Conspicuously absent from the Beatles' catalogue was Bo Diddley (a.k.a. Ellas McDaniel). Even a search though their BBC sessions came up with no Diddley. Lewisohn's Complete Chronicle book offered a clue : the Fabs covered both "Crackin' Up" and "Road Runner" in the early 1960s. In a 1977 Crawdaddy magazine interview (, George Harrison cited Diddley as one of the artists the Beatles would cover in the early days. Coincidentally, Crawdaddy was also the name of a Diddley song.
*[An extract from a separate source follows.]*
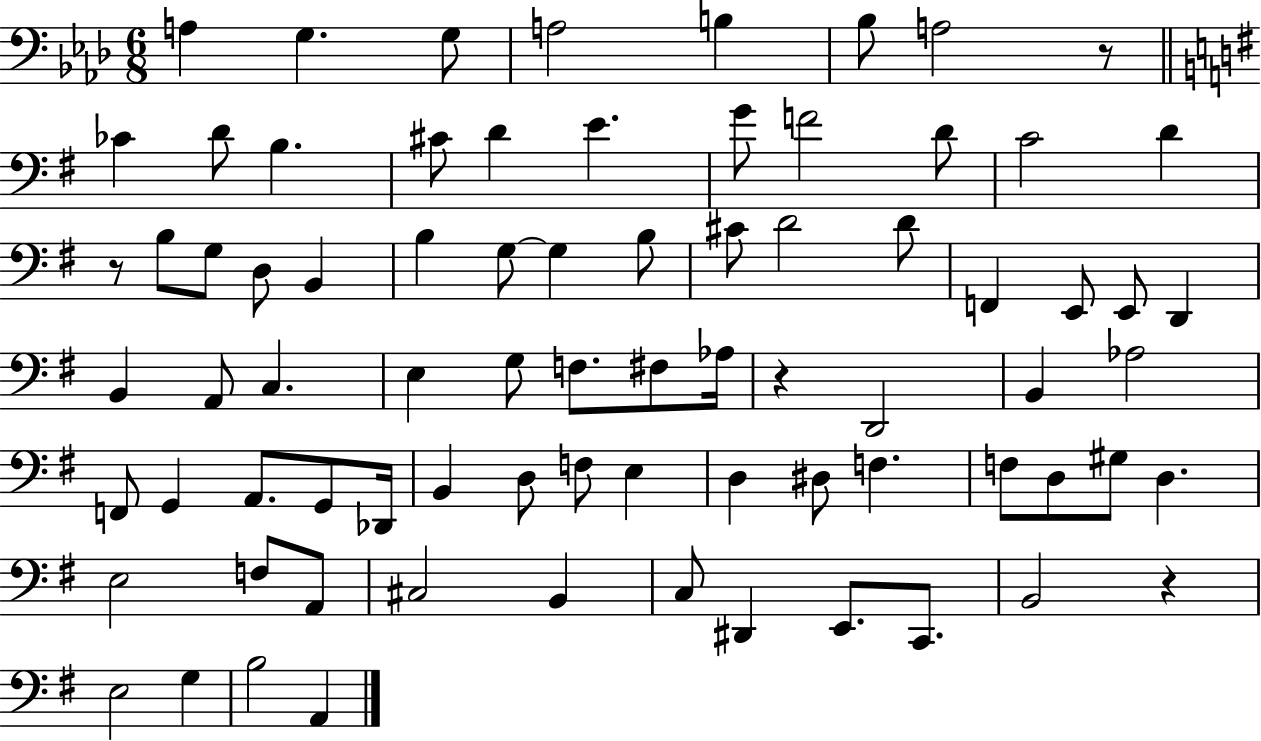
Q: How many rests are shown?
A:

Both the Kinks and the Rolling Stones have much stronger connections with Diddley. The Kinks covered Diddley a few times on their early albums. While the Rolling Stones only covered Diddley a couple of times on record ("Mona" in the 1960s , and "Crackin' Up" in the 1970s), their early sets would feature many Diddley covers. Their third single, a cover of Buddy Holly's "Not Fade Away", was steeped in the Bo Diddley beat. Ron Wood even toured with Diddley in 1987, and I was lucky to see them together at The Channel club in Boston.

Plenty of other artists covered McDaniel, including The Who, The Yardbirds, Warren Zevon, Eric Clapton, and Creedence. "Who Do You Love" alone has been covered by Ronnie Hawkins, The Doors, George Thorogood, and Patti Smith, among others. Recent live concerts by Tom Petty and Jefferson Starship featured Bo Diddley tribute covers. Bob Dylan name-checked Diddley in "From A Buick 6". Of course the "Bo Diddley Beat" is ubiquitous in Rock and Roll. You can hear it in Springsteen's "She's The One", The Who's "Magic Bus", The Smiths' "How Soon Is Now", The Strangelove's "I Want Candy", and the Soft Boys' "Wey Wey Hep Uh Hole", among many others.

One of the ironic side effects when someone you are interested in dies, is you get to know more about that person after their death then when they were alive. After researching Diddley, I found yet another Beatles connection. It turns out that the song "Love Is Strange", which Wings covered on their debut album, was actually written by Bo Diddley under his wife's name (for legal reasons). Of course it's probable that Paul knew the song via Buddy Holly's version. Still it is another Fab connection to Mr. Diddley.

When I recently put on Paul Is Live to revisit his version of "I Wanna Be Your Man", I came across his original composition "Peace In The Neighborhood", which has the same feel as "Crackin' Up".

So while his influence on the Beatles may have been less than, say, Elvis, Chuck Berry, Buddy Holly, Little Richard, and others, I guess you could say that The Fabs DID indeed "Know Diddley".

UPDATE: 9/14/79 Paul performed "Bo Diddley" during a Buddy Holly celebration.